实现一个完整的深度学习训练流程，包括训练、验证、测试的循环，损失函数选择，优化器配置，以及学习率调度。

In [None]:
# 6.1 训练配置和初始化
print("=== 完整训练流程 ===")

# 6.1.1 训练配置
class TrainingConfig:
    """训练配置类"""
    
    def __init__(self):
        # 模型配置
        self.model_name = "CNN_MNIST"
        self.num_classes = 10
        
        # 训练配置
        self.epochs = 20
        self.batch_size = 64
        self.learning_rate = 0.001
        self.weight_decay = 1e-4
        
        # 优化器配置
        self.optimizer_type = "Adam"  # Adam, SGD, AdamW
        self.momentum = 0.9  # for SGD
        
        # 学习率调度
        self.scheduler_type = "StepLR"  # StepLR, ReduceLROnPlateau, CosineAnnealingLR
        self.step_size = 7
        self.gamma = 0.1
        self.patience = 5  # for ReduceLROnPlateau
        
        # 早停配置
        self.early_stopping = True
        self.early_stopping_patience = 10
        self.min_delta = 0.001
        
        # 设备和路径
        self.device = device
        self.save_dir = Path("checkpoints")
        self.log_dir = Path("logs")
        
        # 混合精度训练
        self.use_amp = torch.cuda.is_available()
        
        # 日志和保存
        self.save_best_only = True
        self.save_frequency = 5  # 每5个epoch保存一次
        self.log_frequency = 100  # 每100个batch记录一次

config = TrainingConfig()

print(f"训练配置:")
print(f"  模型: {config.model_name}")
print(f"  训练轮数: {config.epochs}")
print(f"  批次大小: {config.batch_size}")
print(f"  学习率: {config.learning_rate}")
print(f"  优化器: {config.optimizer_type}")
print(f"  设备: {config.device}")
print(f"  混合精度: {config.use_amp}")

# 6.1.2 模型初始化
# 使用之前定义的CNN模型
model = ConvNet(num_classes=config.num_classes).to(config.device)

# 应用权重初始化
model.apply(init_weights)

print(f"\n模型参数数量: {sum(p.numel() for p in model.parameters()):,}")

# 6.1.3 损失函数
criterion = nn.CrossEntropyLoss()

# 6.1.4 优化器配置
def get_optimizer(model, config):
    """根据配置获取优化器"""
    if config.optimizer_type == "Adam":
        return optim.Adam(
            model.parameters(), 
            lr=config.learning_rate,
            weight_decay=config.weight_decay
        )
    elif config.optimizer_type == "SGD":
        return optim.SGD(
            model.parameters(),
            lr=config.learning_rate,
            momentum=config.momentum,
            weight_decay=config.weight_decay
        )
    elif config.optimizer_type == "AdamW":
        return optim.AdamW(
            model.parameters(),
            lr=config.learning_rate,
            weight_decay=config.weight_decay
        )
    else:
        raise ValueError(f"Unknown optimizer: {config.optimizer_type}")
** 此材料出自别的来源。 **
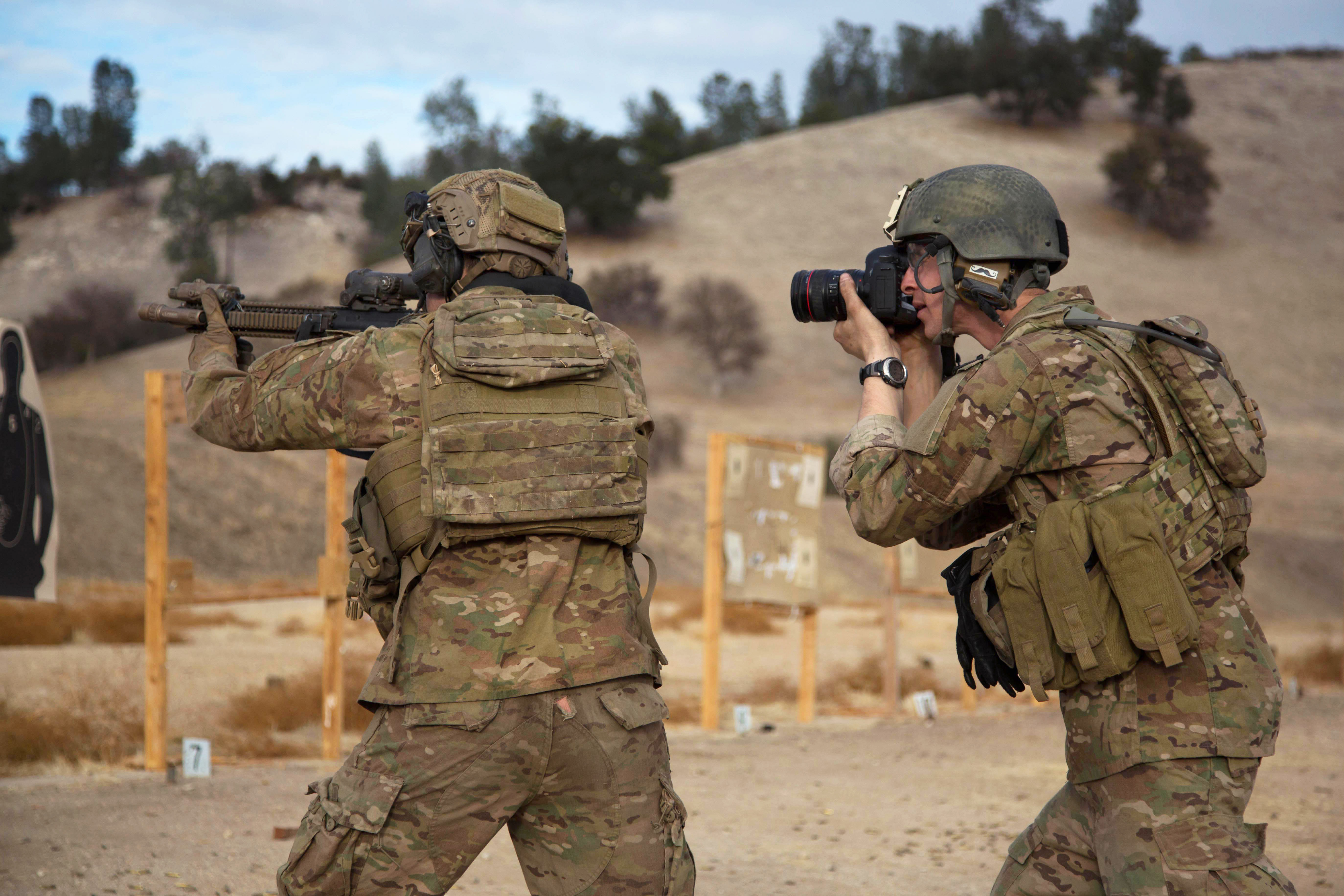 Army Spc. Steven Hitchcock, right, takes photographs of Army Rangers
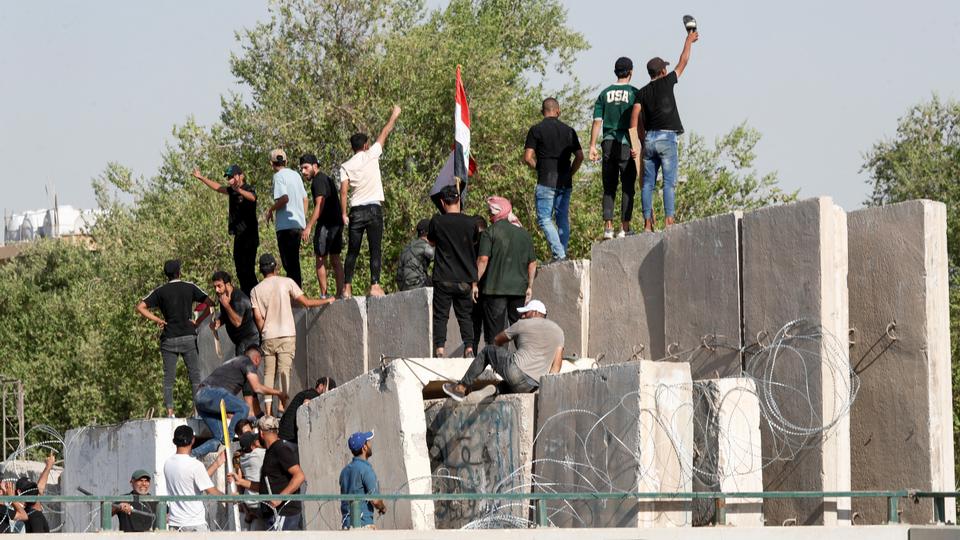 Supporters of Iraqi cleric Muqtada al Sadr breach the Green Zone in Baghdad, Iraq on August 29, 2022.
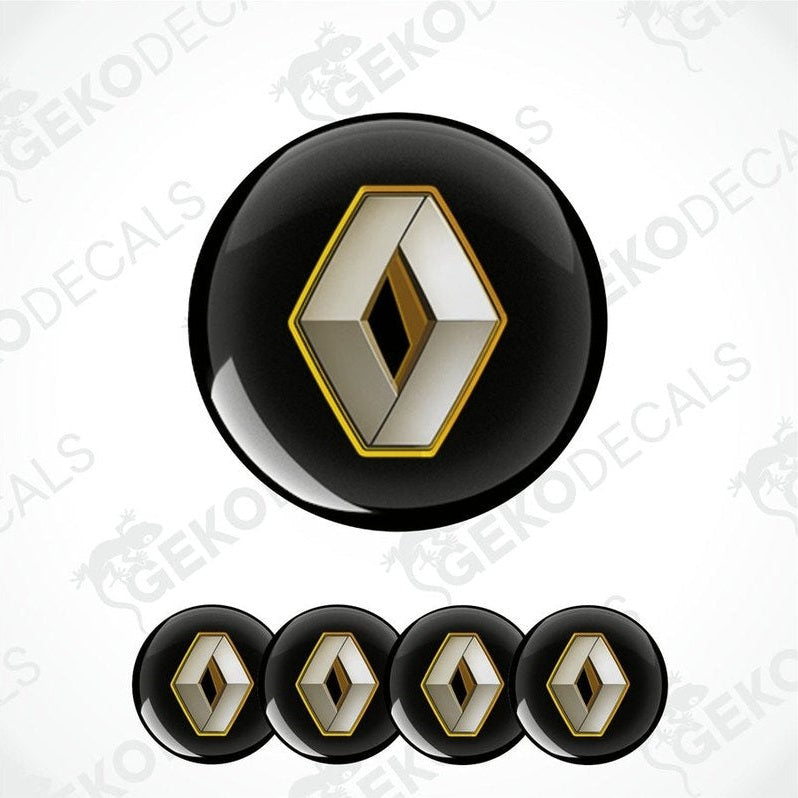 A set of four black and silver RENAULT branded vinyl stickers with a dome shape and a shiny finish.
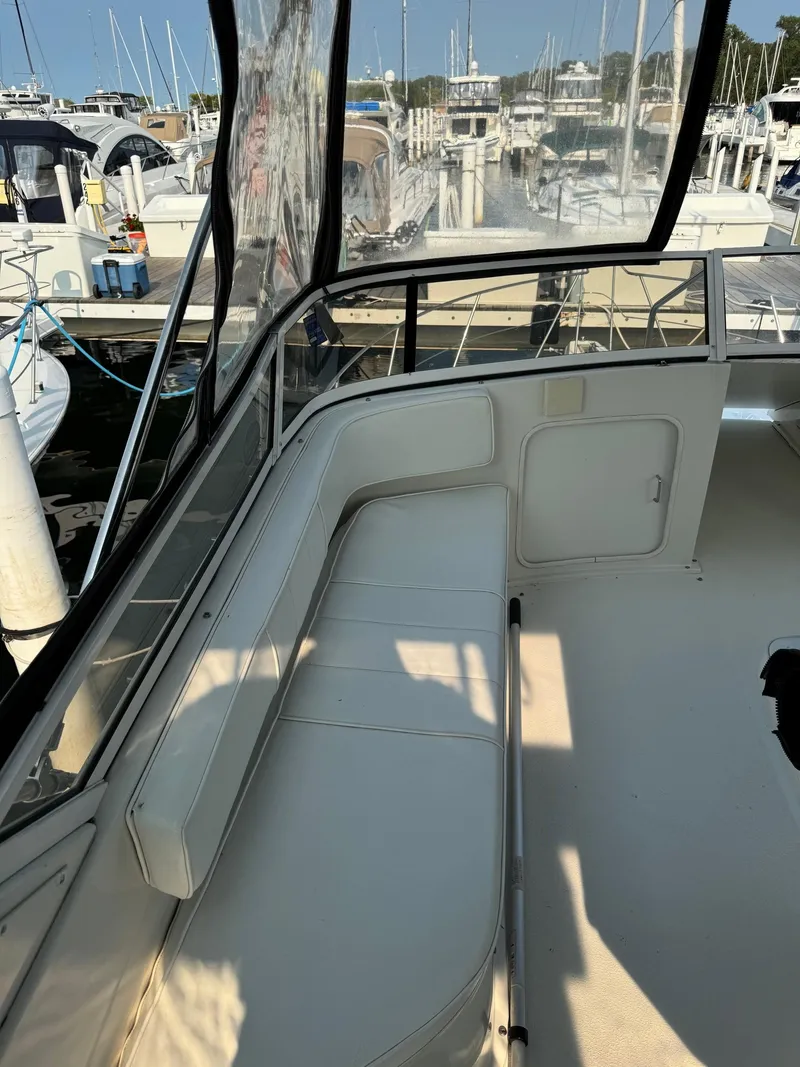 Slide: The Image of 1997 Carver 380 Santego SE yacht interior with white seating and marina view. - 9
optimizer = get_optimizer(model, config)

# 6.1.5 学习率调度器
def get_scheduler(optimizer, config):
    """根据配置获取学习率调度器"""
    if config.scheduler_type == "StepLR":
        return StepLR(optimizer, step_size=config.step_size, gamma=config.gamma)
    elif config.scheduler_type == "ReduceLROnPlateau":
        return ReduceLROnPlateau(
            optimizer, mode='min', patience=config.patience,
            factor=config.gamma, verbose=True
        )
    elif config.scheduler_type == "CosineAnnealingLR":
        return CosineAnnealingLR(optimizer, T_max=config.epochs)
    else:
        return None

scheduler = get_scheduler(optimizer, config)

# 6.1.6 早停机制
class EarlyStopping:
    """早停机制"""
    
    def __init__(self, patience=7, min_delta=0, restore_best_weights=True):
        self.patience = patience
        self.min_delta = min_delta
        self.restore_best_weights = restore_best_weights
        self.best_loss = None
        self.counter = 0
        self.best_weights = None
        
    def __call__(self, val_loss, model):
        if self.best_loss is None:
            self.best_loss = val_loss
            self.save_checkpoint(model)
        elif val_loss < self.best_loss - self.min_delta:
            self.best_loss = val_loss
            self.counter = 0
            self.save_checkpoint(model)
        else:
            self.counter += 1
            
        if self.counter >= self.patience:
            if self.restore_best_weights:
                model.load_state_dict(self.best_weights)
            return True
        return False
    
    def save_checkpoint(self, model):
        self.best_weights = copy.deepcopy(model.state_dict())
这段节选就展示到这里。